He emphasized that current global conditions are heavily influenced by the dynamics of the United States' reciprocal tariff negotiations, as well as the escalation of geopolitical and military tensions, especially in the Middle East.
"We continue to strengthen the synergy of fiscal, monetary, macroprudential, and financial sector policies, so that not only stability is maintained, but also to encourage economic growth," Sri Mulyani said.
Maintaining stability amidst tariff storms and global turmoil
Since last April, trade tensions between the United States and China have risen again. The retaliatory tariffs imposed by both countries triggered global uncertainty. The impact was quickly felt: The World Bank cut its 2025 global economic growth projection from 3.2% to 2.9%. The OECD also revised a similar projection to 2.9%.
In the midst of this situation, the Indonesian government is still trying to maintain optimism, albeit with a vigilant attitude. "This is an environment that we observe and are aware of," said Finance Minister Sri Mulyani.
Domestically, a number of indicators give reason to remain optimistic. As of the end of June, CPI inflation was recorded at only 1.80% on an annual basis, well below the target. Core inflation also fell to 2.37%.

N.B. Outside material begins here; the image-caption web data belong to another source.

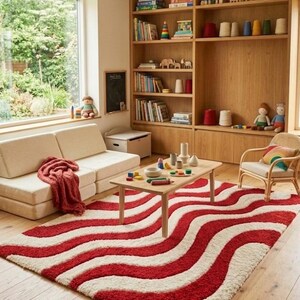 May include: A rectangular area rug featuring a wavy, repeating pattern of thick red and cream-colored stripes. The rug has a textured, plush pile and is positioned on a light-colored wooden floor in a room with a sofa, coffee table, and shelving.
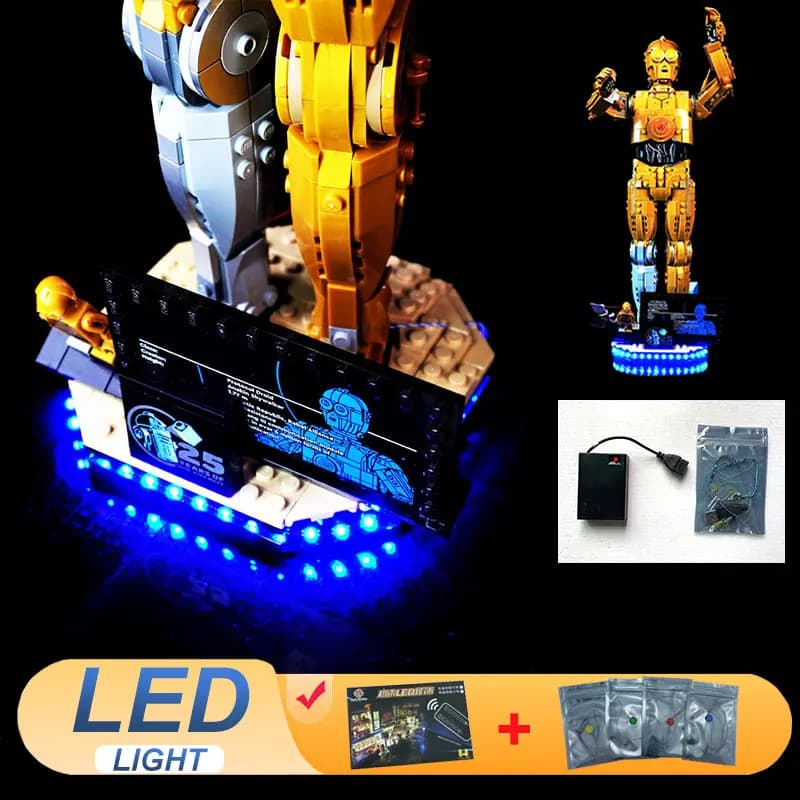 Kit luce LED per LEGO 75398 C-3PO Star Robot Statuetta Lampada Idee Regalo fai da te (Non include blocchi di costruzione Kit di mattoni Set di modelli)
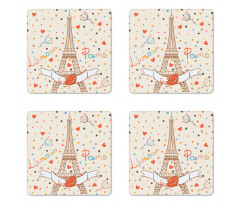 Eiffel Love Birds Coaster Set Of Four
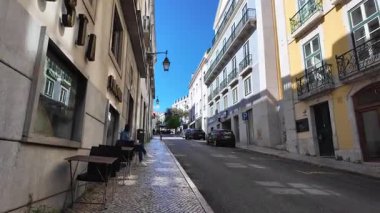 Portugal urban exploration walk through Lisbon narrow road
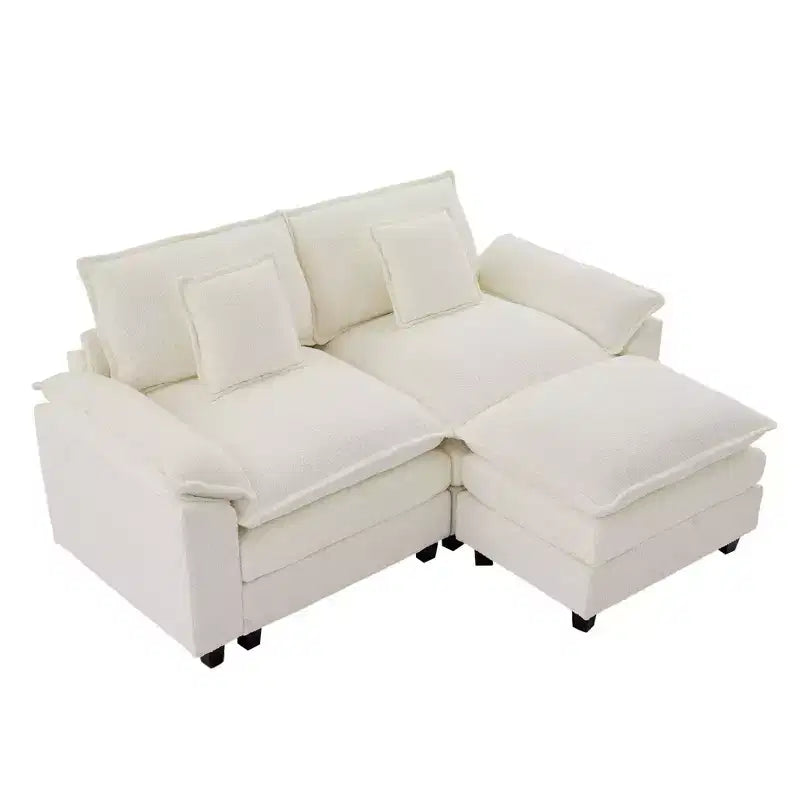 HYLEORY Canapé d'angle 3 places en tissu chenille de 190 cm avec pouf
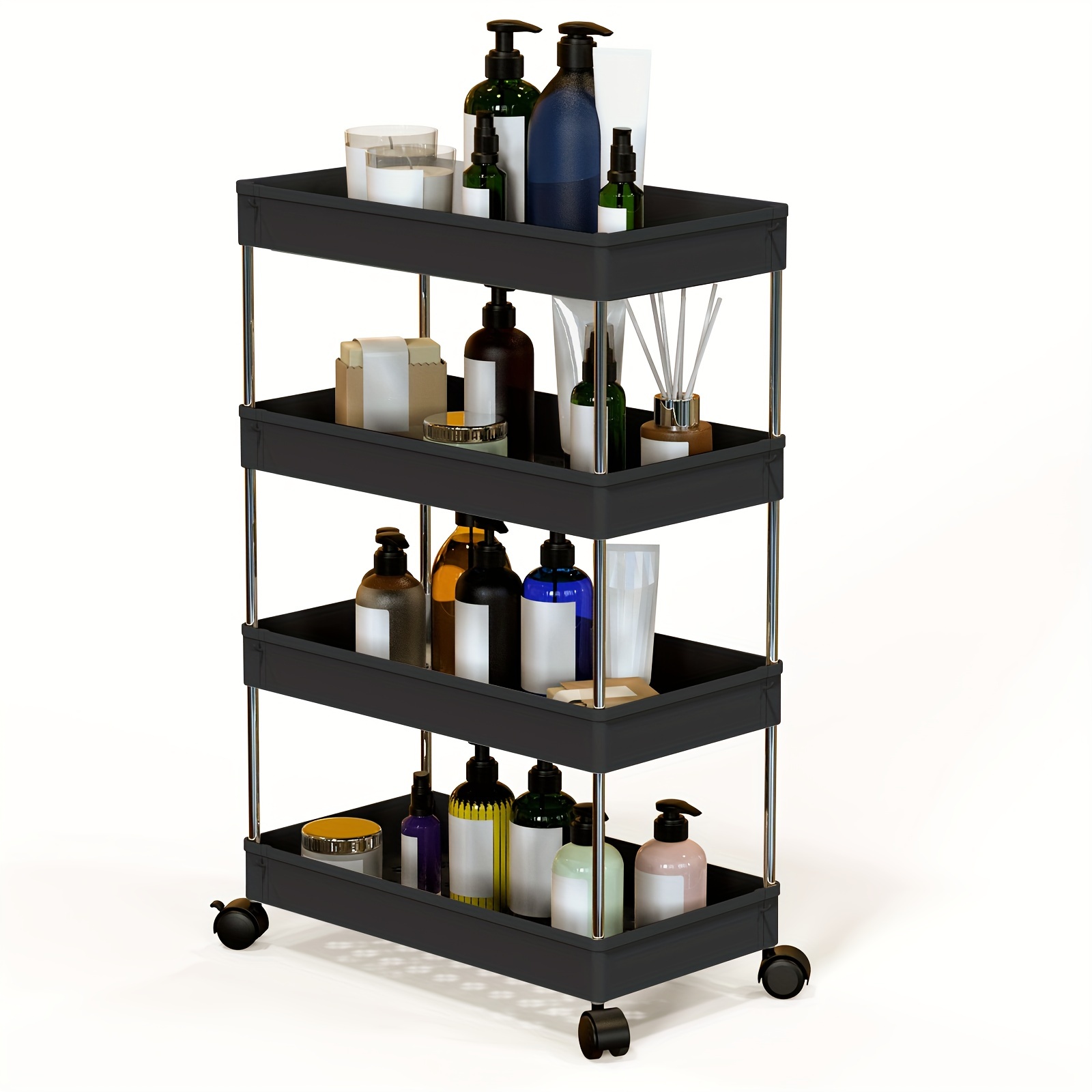 

3 Tier Rolling Trolley, Kitchen Trolley With Handle, Kitchen Trolley Serving Trolley, Box With Wheels, Storage Trolley For Kitchen Bedroom, Office, Makeup Bathroom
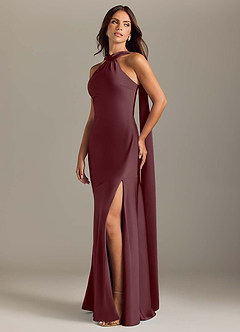 Azazie Kinsley Bridesmaid Dresses Sangria Mermaid Side Slit Stretch Satin Dress image3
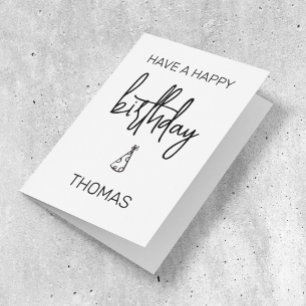 Carte Joyeux Anniversaire Personnalisé Minimaliste Simpl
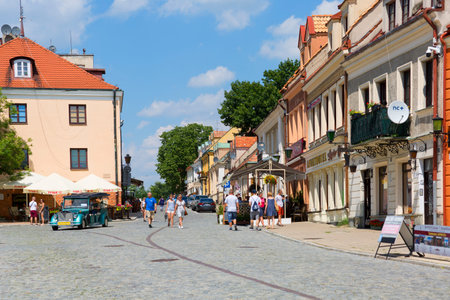 Sandomierz, Poland - July 10, 2020. View on market of 13th century city with colorful houses....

Meanwhile, the rupiah exchange rate, which had weakened to Rp16,865 per US dollar in April, managed to strengthen to around Rp16,235 by the end of June and remained relatively stable at around Rp16,315 as of July 25. This strengthening trend was supported by Bank Indonesia's interventions, including in the global and domestic foreign exchange markets.

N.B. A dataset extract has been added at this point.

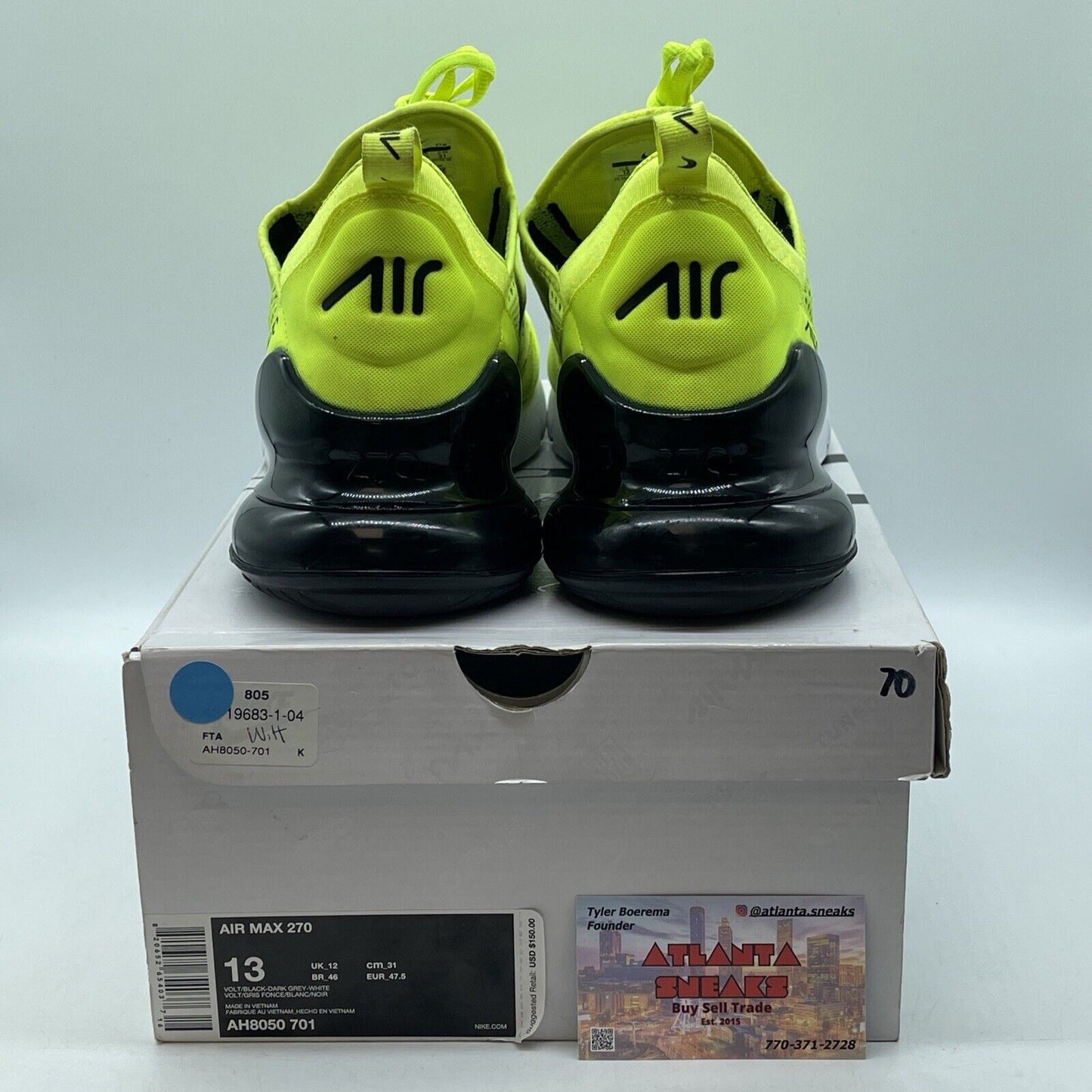 Size 13 - Nike Air Max 270 Volt Green White Black (AH8050-701)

In the debt securities market, the 10-year SBN yield fell from 6.62% to 6.51% as of end-July. This shows that investor interest remains good, with foreign net buy amounting to IDR58.29 trillion throughout the year. Indonesia's foreign exchange reserves also remained high, equivalent to more than twice the international adequacy standard.
The role of stimulus and state budget as shock absorbers
In addition to monetary policy, the government utilized the state budget as a shock absorber. Until the first semester, the realization of state spending reached Rp1,406 trillion, or 38.8% of the ceiling, with the deficit maintained at 0.84% of GDP. State revenues have also collected 40% of the target.
The focus of government spending remains on social protection programs and consumption stimulus. These include transportation subsidies and discounts, food aid for 18.3 million families, and wage subsidies for workers earning below IDR 3.5 million.
The government also launched a Rp24.4 trillion stimulus package in the second semester, including discounts on airplane, train, and ship tickets to boost tourism and domestic spending.
These measures are expected to maintain purchasing power, support labor-intensive sectors, such as textiles and footwear, and maintain growth in the range of 5% until the end of 2025. "The strengthening trend of the rupiah and low inflation are proof that our fundamentals are strong enough despite high global pressure," Sri Mulyani said.
In the midst of the tariff war, the government also moved quickly through diplomacy. US import tariffs on Indonesian products have been reduced to 19%, lower than the initial rumor of 32%. This is important for labor-intensive sectors that absorb a lot of labor.
Conversely, Indonesia's 0% tariff policy on a number of US products is expected to help suppress food and energy prices, curbing inflation.
However, challenges remain real. The manufacturing PMI (Purchasing Managers' Index) as of June is still contracting at 46.9, indicating that the industrial sector has not fully recovered. The global slowdown is also putting pressure on exports, although the trade balance was still a surplus of US$15.39 billion as of May.
BI's move: maintain stability, boost growth
In addition to fiscal stimulus, Bank Indonesia plays an important role in maintaining the stability of the national financial system until the end of 2025. BI Governor Perry Warjiyo emphasized that BI's policy response is carried out through four main pillars: interest rate cuts, exchange rate stabilization, liquidity expansion, and the provision of Government Securities (SPN) in the secondary market.
Since May 2025, BI has cut its benchmark interest rate to 5.25% to maintain purchasing power and boost growth. This rate cut was also reflected in longer tenor instruments, such as the 12-month SRBI which fell by around 40-50 basis points.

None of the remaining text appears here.